Successo e nuovi sviluppi

I termometri di Fahrenheit erano molto popolari. Ha usato con successo il mercurio grazie al suo metodo di pulirlo e ha introdotto l'uso di lampadine a forma di cilindro invece di quelle a forma di sfera. Il suo processo dettagliato di fabbricazione dei termometri, tuttavia, non fu reso pubblico per circa diciotto anni, poiché voleva mantenere segreti i suoi metodi. Tra gli altri strumenti che creò c'erano un idrometro a peso costante (uno strumento per misurare la gravità e la forza di un liquido) e un "termobarometro" per stimare la pressione barometrica (la pressione dell'atmosfera) determinando il punto di ebollizione dell'acqua.
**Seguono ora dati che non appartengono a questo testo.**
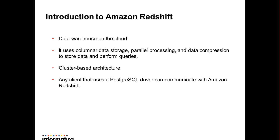Any client that uses a PostgreSQL driver can communicate with Amazon Redshift database.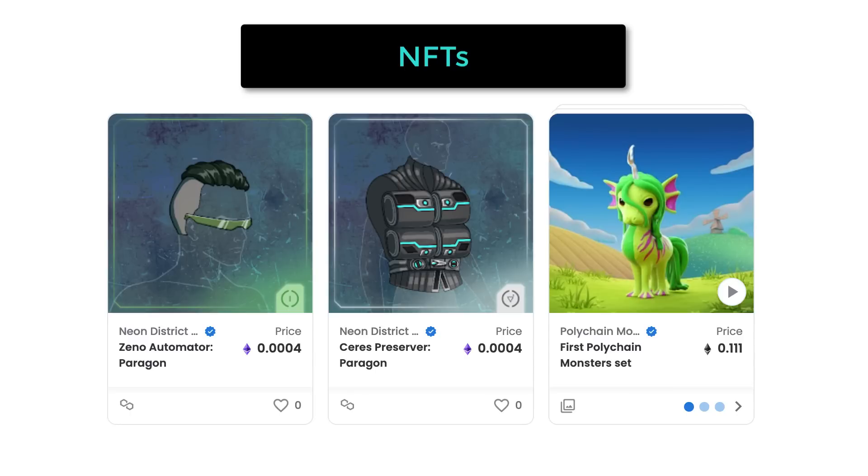With NFTs, we can create unique digital assets, which have many use cases like in-game assets or digital ads.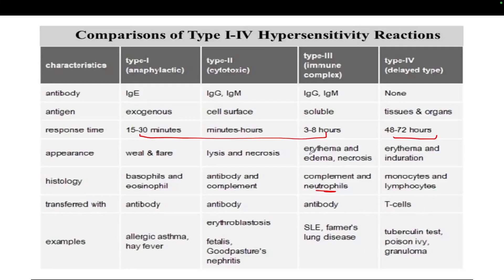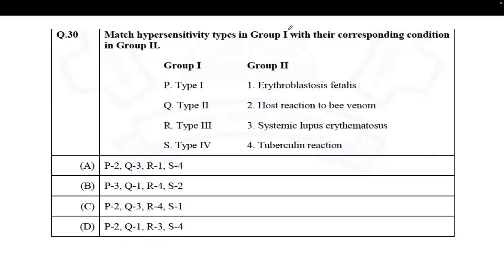A practice question: Match the hypersensitivity types in Group 1 with their corresponding conditions in Group 2. Type 1, Type 2, Type 3, Type 4 — matched to erythroblastosis fetalis, host reaction to bee venom, systemic lupus erythematosus, and tuberculin reaction. The correct answer is option D.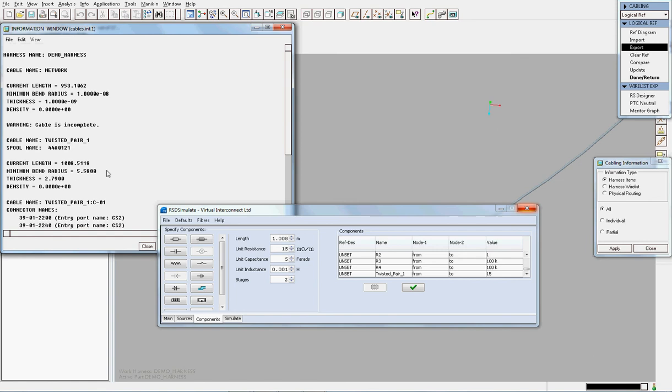That concludes this video demonstration of the length extraction within RSD Simulate.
Il 16 settembre 1736, a cinquant'anni, Fahrenheit morì nei Paesi Bassi. Fu sepolto nella città dell'Aia. Fahrenheit non si è mai sposato e ha continuato ad essere attivo fino alla sua morte. Poco prima di morire, fece domanda per un brevetto su una macchina che avrebbe pompato l'acqua dai polder (terra drenata nei Paesi Bassi che si trova sotto il livello del mare).

Per maggiori informazioni

Cajori, Florian. Una storia della fisica. New York: The Macmillan Company, 1899.

Fahrenheit, Gabriel Daniel. Lettere di Fahrenheit a Leibniz e Boerhaave. A cura di Pieter van der Star. Amsterdam: Rodopi, 1983.

King, Allen L. Termofisica. San Francisco, CA: WH Freeman, 1962.

Lipson, Henry. I grandi esperimenti di fisica. Edimburgo, Scozia: Oliver & Boyd, 1968.